Other companies, however, continue family management to this day, even if they are, like Weyerhaeuser, publicly traded.
Most people who know of Boeing are vaguely aware there was a Mr. Boeing who started the company, and if they’ve read anything of its history, visited the Museum of Flight or taken the Everett plant tour they might even be able to conjure up his first name – William.
But Bill Boeing, who started his company in 1916 as Pacific Aero Products, changing its name to his own the next year, stayed with it only to the mid-1930s. Irked by legislation that broke up Boeing and its ownership of an air-mail service (a forerunner of United Airlines), Bill Boeing, according to a company history, “left the aviation business to raise horses.”
On the other hand, not only is the retailer Nordstrom still known by that name, there are still Nordstroms running it – four, in fact, according to the corporate website, Blake (president), Erik (executive vice president and president, stores), James F. Jr. (executive vice president and president, Nordstrom Direct) and Peter (executive vice president and president, merchandising).
Nordstrom family members are on the company’s board and hold a considerable chunk of stock. William Pigott did not put the family name on Seattle Car Manufacturing Co. when he established it in 1905, but the family’s influence is very much in play at what is now known as Paccar. Mark Pigott serves as chief executive and as a director, and a brother is also on the board.
The habit of putting the family name on the business has fallen out of fashion, and the practice of the founder or his family controlling and running of company may be on the wane as well. Most people with a passing knowledge of regional business history can identify the founders behind such influential regional companies as Microsoft (Paul Allen and Bill Gates) and Amazon (Jeff Bezos). Nor is there doubting their influence, real or potential, over their respective companies; Bezos, according to the most recent proxy, holds 19 percent of Amazon stock.

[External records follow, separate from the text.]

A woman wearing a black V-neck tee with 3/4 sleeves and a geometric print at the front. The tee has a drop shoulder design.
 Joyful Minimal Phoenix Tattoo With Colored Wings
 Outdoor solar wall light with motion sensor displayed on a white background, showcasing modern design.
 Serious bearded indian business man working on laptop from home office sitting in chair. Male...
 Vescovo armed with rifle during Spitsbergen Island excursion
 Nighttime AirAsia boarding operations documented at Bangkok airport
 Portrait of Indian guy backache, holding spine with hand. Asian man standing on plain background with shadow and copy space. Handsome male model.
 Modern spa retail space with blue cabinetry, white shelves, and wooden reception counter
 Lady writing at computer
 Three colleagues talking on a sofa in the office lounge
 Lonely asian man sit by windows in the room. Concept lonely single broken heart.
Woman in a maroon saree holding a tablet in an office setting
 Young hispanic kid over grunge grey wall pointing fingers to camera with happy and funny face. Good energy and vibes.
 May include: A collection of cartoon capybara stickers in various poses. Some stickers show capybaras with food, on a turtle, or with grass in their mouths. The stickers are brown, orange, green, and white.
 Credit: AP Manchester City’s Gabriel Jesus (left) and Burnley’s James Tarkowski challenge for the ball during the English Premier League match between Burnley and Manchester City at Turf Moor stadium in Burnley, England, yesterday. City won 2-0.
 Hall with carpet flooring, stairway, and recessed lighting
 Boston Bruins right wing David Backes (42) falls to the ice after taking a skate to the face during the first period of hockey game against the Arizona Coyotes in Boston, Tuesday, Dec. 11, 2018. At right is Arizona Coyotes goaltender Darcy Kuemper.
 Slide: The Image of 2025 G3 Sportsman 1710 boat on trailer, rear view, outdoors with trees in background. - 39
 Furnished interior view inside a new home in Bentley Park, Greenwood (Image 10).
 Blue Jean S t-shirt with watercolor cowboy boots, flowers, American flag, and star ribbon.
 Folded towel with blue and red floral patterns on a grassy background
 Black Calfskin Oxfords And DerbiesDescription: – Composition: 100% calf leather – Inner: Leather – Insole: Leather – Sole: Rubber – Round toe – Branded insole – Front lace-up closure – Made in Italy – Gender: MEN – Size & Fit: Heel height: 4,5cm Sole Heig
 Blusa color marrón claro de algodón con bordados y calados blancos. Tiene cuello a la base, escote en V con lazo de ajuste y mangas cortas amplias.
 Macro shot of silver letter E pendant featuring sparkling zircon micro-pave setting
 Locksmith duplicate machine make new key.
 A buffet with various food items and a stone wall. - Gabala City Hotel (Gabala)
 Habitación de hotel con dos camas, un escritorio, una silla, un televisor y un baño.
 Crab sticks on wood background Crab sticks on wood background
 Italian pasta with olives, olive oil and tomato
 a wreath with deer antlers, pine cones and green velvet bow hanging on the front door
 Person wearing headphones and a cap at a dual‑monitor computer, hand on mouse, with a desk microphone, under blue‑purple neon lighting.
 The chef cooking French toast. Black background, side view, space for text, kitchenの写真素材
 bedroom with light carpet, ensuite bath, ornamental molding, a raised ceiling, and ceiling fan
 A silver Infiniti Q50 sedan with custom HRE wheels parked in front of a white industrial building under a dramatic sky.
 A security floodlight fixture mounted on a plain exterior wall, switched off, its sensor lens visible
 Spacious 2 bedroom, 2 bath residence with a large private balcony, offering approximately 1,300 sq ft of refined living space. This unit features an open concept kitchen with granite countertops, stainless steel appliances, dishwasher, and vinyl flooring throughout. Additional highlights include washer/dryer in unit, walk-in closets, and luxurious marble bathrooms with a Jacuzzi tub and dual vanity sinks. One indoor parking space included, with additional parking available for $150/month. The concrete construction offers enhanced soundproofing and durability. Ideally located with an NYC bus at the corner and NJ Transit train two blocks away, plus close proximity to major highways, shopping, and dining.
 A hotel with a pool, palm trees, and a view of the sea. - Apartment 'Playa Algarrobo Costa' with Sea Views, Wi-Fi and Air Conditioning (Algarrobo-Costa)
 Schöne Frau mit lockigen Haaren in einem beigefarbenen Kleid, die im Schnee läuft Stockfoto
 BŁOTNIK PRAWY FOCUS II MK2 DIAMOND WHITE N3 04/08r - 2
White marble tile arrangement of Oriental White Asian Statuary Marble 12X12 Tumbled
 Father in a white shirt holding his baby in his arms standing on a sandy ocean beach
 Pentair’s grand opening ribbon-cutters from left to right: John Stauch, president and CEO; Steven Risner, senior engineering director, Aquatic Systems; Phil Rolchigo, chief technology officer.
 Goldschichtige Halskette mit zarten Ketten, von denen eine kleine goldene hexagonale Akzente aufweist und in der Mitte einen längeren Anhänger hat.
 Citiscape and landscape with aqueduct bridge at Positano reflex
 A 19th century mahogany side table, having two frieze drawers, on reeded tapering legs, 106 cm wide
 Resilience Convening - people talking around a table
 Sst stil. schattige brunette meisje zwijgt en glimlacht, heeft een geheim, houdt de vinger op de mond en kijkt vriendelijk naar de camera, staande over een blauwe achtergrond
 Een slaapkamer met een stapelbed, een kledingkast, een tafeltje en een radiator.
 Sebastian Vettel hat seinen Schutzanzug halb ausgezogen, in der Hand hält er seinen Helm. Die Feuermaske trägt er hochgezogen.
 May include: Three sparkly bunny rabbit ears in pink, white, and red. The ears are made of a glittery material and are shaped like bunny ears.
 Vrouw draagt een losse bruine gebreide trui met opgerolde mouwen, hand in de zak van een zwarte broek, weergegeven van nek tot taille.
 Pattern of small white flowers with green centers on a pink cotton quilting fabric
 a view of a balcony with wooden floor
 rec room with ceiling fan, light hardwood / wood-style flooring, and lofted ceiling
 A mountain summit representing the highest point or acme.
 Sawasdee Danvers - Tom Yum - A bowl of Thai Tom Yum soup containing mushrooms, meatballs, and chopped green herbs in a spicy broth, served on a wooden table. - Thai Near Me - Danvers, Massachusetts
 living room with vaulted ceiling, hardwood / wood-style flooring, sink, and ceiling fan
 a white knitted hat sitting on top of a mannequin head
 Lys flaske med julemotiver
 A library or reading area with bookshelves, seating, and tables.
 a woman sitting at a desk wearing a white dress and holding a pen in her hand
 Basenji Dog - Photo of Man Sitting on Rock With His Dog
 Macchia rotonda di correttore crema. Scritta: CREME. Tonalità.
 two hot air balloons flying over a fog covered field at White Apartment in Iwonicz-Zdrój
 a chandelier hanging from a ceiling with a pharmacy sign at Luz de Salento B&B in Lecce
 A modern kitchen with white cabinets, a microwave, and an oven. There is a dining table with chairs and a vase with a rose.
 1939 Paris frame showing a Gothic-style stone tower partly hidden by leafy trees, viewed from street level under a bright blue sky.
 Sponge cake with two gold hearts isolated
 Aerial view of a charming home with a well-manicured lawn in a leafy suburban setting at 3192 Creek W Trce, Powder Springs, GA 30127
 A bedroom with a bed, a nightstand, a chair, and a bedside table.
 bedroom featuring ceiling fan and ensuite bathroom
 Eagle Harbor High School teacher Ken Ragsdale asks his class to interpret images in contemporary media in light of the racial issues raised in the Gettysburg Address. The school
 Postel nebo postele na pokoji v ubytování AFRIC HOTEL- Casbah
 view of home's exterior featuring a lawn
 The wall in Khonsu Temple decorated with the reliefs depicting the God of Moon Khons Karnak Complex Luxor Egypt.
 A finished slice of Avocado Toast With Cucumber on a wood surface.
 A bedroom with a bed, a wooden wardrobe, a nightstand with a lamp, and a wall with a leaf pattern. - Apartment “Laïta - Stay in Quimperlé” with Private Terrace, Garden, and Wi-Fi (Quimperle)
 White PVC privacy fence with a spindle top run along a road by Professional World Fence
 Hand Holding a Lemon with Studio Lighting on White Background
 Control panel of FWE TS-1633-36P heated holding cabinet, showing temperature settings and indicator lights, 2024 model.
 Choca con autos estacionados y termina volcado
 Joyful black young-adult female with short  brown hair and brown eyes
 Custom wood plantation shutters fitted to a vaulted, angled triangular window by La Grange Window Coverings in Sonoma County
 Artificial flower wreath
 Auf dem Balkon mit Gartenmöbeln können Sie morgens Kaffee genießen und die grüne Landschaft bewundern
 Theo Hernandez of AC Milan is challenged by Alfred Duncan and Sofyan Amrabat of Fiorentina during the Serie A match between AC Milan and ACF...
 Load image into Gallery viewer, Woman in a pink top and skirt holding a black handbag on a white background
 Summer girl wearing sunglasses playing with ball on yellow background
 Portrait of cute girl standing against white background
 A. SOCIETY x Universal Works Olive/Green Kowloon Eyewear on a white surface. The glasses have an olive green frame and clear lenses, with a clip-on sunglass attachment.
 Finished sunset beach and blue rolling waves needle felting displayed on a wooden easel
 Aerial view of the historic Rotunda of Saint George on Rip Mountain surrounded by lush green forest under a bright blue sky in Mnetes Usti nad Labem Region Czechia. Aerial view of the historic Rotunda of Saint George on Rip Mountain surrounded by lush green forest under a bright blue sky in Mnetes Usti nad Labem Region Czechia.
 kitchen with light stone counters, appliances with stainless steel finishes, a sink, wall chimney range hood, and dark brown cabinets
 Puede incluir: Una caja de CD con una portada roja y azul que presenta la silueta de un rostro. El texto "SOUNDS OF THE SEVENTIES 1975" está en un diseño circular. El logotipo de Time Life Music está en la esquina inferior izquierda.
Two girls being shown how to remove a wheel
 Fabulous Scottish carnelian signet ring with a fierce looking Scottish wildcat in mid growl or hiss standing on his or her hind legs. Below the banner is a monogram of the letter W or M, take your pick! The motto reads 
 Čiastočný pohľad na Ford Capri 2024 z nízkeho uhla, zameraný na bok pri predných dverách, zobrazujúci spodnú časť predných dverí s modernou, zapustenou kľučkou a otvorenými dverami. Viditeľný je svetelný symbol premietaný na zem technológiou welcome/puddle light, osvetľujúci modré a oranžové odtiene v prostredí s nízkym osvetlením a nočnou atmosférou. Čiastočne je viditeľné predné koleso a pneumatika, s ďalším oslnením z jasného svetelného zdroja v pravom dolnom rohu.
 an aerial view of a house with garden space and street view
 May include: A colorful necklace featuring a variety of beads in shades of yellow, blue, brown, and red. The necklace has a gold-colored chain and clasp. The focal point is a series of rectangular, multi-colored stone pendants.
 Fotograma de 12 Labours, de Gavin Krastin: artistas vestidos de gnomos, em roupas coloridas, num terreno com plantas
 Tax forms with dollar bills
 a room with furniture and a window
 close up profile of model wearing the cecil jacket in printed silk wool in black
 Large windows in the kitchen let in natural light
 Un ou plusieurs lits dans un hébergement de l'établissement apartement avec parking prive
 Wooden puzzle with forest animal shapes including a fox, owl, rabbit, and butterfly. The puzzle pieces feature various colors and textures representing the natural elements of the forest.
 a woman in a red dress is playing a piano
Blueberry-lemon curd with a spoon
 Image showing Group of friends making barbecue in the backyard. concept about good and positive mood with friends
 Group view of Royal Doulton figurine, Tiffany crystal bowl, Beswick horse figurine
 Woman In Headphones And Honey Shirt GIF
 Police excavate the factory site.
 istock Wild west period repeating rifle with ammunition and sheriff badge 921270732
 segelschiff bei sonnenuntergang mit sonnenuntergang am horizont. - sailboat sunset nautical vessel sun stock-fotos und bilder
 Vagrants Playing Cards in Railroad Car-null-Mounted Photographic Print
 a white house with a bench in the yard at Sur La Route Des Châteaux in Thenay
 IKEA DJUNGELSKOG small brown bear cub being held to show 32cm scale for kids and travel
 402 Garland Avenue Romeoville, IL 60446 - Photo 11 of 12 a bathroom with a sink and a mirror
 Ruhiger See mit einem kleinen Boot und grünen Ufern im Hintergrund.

Gates, according to the last Microsoft proxy, holds about 5.5 percent of that company’s shares.
But none of the three named their ventures after themselves, nor did most of their generational or tech-industry peers. And unlike many CEO-founders of past generations, today’s crop is quite willing to move on to other interests and activities. Gates still serves as chairman of Microsoft, but hasn’t been chief executive since 2000; he’s far more identified these days with the activities of his foundation. Bezos is still in the thick of managing Amazon, but he too has worked on side projects and interests. And even if they had children of an age or interest to do so, few contemporary corporate CEOs seem interested in directing the kids toward someday taking over the business they run.
That evolution is neither good nor bad, it just is. Family leadership can be inspired, community minded, capable of handling change and as adept as the founder, or it can be insular, ossified, remote and untalented. The involvement of a family may give a company a legacy and an identity, but the next generation may decide it wants to do something else. Business entrepreneurialism isn’t going to change, but its face may have a different appearance if the companies that are established and endure go by names other than Boeing, Weyerhaeuser, Jeff’s Books ‘n’ Things or Bill’s House of Software.